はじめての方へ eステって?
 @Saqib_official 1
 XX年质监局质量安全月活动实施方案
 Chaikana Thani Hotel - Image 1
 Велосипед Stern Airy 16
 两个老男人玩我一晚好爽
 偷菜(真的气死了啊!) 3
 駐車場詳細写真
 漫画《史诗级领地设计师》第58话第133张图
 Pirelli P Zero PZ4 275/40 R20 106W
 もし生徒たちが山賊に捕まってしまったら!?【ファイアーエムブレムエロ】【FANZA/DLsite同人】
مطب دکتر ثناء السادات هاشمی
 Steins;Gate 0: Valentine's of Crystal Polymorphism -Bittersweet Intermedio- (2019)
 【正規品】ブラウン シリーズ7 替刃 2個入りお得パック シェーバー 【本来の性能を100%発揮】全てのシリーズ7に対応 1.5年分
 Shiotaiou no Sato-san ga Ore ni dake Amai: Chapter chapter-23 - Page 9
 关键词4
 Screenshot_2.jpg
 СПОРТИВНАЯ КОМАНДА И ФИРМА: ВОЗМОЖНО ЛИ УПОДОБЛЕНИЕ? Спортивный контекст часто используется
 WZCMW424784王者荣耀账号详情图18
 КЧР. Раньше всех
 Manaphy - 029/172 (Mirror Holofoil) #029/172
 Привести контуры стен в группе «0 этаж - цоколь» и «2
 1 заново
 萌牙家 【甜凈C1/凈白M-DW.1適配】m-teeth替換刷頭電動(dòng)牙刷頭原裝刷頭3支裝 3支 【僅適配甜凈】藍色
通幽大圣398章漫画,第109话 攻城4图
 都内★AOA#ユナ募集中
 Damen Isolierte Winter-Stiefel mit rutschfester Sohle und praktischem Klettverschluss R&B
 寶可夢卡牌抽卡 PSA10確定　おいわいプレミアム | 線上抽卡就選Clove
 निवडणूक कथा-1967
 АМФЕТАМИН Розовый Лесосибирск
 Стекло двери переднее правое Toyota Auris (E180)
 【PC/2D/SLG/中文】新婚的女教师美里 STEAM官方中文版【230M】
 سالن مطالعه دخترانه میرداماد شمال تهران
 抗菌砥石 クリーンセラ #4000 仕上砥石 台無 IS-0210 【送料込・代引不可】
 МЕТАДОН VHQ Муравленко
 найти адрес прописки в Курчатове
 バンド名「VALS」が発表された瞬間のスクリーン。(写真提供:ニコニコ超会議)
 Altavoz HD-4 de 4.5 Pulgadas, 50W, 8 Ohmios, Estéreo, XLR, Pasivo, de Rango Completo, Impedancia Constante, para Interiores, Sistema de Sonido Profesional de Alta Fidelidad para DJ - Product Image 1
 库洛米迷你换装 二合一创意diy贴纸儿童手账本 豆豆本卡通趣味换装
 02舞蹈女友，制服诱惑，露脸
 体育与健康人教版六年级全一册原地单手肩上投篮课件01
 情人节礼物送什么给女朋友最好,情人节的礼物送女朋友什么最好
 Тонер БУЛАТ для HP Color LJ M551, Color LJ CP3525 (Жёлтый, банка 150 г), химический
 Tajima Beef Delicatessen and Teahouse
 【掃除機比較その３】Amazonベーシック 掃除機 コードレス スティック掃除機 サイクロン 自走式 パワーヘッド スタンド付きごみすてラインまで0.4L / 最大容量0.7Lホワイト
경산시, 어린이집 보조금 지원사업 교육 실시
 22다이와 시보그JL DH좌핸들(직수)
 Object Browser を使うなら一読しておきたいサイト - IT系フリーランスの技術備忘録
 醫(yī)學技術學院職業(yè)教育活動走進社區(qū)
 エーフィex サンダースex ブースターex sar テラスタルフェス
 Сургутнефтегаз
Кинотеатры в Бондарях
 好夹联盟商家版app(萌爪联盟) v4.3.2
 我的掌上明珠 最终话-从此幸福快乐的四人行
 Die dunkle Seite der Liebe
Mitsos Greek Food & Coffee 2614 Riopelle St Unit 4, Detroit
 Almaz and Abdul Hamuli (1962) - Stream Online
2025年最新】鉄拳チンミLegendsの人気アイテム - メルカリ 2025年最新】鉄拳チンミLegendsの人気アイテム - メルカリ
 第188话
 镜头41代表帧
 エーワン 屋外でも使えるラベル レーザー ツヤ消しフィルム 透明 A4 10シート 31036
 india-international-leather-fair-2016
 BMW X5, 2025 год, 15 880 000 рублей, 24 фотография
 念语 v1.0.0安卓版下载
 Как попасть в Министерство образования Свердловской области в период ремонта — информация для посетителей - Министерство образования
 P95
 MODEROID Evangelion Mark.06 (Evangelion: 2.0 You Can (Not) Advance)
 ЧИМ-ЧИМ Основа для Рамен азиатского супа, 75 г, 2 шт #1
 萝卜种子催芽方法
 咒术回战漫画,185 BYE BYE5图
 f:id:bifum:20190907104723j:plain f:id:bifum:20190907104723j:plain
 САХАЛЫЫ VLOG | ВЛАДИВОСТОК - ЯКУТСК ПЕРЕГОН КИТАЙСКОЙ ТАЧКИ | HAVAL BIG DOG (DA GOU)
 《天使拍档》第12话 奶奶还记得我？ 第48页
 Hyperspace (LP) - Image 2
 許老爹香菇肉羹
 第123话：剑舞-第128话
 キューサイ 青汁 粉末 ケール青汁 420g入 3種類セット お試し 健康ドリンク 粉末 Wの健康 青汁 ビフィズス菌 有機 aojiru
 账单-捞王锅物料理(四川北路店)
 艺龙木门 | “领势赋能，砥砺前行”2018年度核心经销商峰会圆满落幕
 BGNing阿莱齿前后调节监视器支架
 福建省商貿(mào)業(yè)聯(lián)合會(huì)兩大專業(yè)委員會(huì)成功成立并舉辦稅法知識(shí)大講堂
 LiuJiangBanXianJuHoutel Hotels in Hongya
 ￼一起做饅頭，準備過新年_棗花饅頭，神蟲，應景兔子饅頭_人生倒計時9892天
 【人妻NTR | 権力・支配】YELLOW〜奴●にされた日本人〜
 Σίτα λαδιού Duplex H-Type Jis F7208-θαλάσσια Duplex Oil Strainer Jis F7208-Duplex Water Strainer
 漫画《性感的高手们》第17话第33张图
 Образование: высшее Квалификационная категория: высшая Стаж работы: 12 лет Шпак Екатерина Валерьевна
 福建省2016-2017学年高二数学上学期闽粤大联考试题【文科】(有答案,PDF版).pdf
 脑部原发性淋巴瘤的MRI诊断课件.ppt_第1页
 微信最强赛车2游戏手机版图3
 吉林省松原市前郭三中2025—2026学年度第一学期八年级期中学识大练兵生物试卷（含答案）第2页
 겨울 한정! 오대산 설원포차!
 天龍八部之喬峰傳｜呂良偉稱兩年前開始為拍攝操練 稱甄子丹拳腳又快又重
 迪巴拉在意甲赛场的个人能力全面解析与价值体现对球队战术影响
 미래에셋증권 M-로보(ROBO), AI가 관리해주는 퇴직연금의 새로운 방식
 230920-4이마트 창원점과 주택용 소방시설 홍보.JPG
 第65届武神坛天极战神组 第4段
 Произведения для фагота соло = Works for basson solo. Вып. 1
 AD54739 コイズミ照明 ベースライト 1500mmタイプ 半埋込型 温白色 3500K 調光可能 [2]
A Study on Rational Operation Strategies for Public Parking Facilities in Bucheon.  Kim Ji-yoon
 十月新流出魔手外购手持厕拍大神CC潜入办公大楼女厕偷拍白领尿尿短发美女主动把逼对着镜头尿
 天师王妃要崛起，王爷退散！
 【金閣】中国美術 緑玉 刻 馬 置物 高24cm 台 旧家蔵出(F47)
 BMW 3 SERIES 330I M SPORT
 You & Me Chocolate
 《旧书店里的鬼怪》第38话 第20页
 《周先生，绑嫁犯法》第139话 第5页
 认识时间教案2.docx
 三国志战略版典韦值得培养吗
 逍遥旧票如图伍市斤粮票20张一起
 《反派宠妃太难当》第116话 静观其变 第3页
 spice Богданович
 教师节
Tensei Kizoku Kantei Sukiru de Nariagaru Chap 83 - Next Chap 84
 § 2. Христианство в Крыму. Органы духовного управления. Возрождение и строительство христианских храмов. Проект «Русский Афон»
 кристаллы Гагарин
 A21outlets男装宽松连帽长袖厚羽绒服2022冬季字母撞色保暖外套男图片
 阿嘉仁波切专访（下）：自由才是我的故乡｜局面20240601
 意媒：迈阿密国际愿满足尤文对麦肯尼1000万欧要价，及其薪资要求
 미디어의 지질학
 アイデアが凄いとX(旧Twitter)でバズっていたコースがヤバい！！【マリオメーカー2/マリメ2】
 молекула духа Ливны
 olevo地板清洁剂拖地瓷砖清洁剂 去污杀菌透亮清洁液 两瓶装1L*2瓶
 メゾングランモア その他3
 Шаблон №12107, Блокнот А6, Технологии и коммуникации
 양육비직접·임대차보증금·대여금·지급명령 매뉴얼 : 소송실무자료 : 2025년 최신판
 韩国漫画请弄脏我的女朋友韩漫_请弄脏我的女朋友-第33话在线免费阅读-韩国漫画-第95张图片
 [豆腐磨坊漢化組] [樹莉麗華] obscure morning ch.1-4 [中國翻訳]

:: Task instructions ::
What is needed is an exact copy of the lines from the one containing "逍遥旧票如图伍市斤粮票20张一起" through the final line of the data, both included, and nothing more.

:: Result ::
 逍遥旧票如图伍市斤粮票20张一起
 《反派宠妃太难当》第116话 静观其变 第3页
 spice Богданович
 教师节
Tensei Kizoku Kantei Sukiru de Nariagaru Chap 83 - Next Chap 84
 § 2. Христианство в Крыму. Органы духовного управления. Возрождение и строительство христианских храмов. Проект «Русский Афон»
 кристаллы Гагарин
 A21outlets男装宽松连帽长袖厚羽绒服2022冬季字母撞色保暖外套男图片
 阿嘉仁波切专访（下）：自由才是我的故乡｜局面20240601
 意媒：迈阿密国际愿满足尤文对麦肯尼1000万欧要价，及其薪资要求
 미디어의 지질학
 アイデアが凄いとX(旧Twitter)でバズっていたコースがヤバい！！【マリオメーカー2/マリメ2】
 молекула духа Ливны
 olevo地板清洁剂拖地瓷砖清洁剂 去污杀菌透亮清洁液 两瓶装1L*2瓶
 メゾングランモア その他3
 Шаблон №12107, Блокнот А6, Технологии и коммуникации
 양육비직접·임대차보증금·대여금·지급명령 매뉴얼 : 소송실무자료 : 2025년 최신판
 韩国漫画请弄脏我的女朋友韩漫_请弄脏我的女朋友-第33话在线免费阅读-韩国漫画-第95张图片
 [豆腐磨坊漢化組] [樹莉麗華] obscure morning ch.1-4 [中國翻訳]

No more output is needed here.